The family meeting their first Western Screech Owl, just before release.
Note the excitement and smiles the little owl elicits! Photo by Carolyn Short.
Our next spring sampling event occurred during CSU Chico Reserve's spring naturalist outing "Owls and Astronomy" field trip with star-man David Samuels. We met David on March 16 2013,at the Big Chico Creek Ecological Reserve. He was equipped with 3 large scopes set up in the meadow near our OWL3 station. David educated and entertained us with his amazing knowledge of  planets, stars, nebulas, galaxies  constellations and other heavenly bodies. 

David Samuels weaving the myth surrounding the constellation Ursa Major
My favorite scope view was the Orion Nebula. In David's scope it did not have the color like the web picture below, but it was ethereal and lovely, clouds, space and stars.
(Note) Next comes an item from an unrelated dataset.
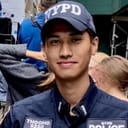 Bryan D. Thooho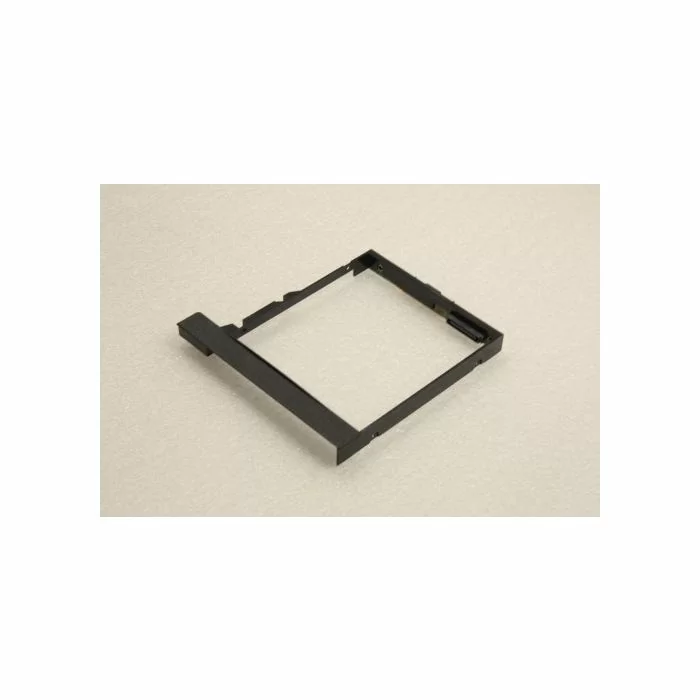Acer TravelMate 290 Optical Drive Bracket FACL5077000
For star-gazing it was a wonderful evening!

Wikipedia photo of the Orion Nebula seen in the belt of the constellation Orion
Although no saw-whets were detected or captured, the combo trip was an ingenious way to introduce participants to night-time phenomena. The owl team gleaned more data for our spring migration sampling; no detections could mean owls have already moved on from their wintering grounds to their breeding grounds.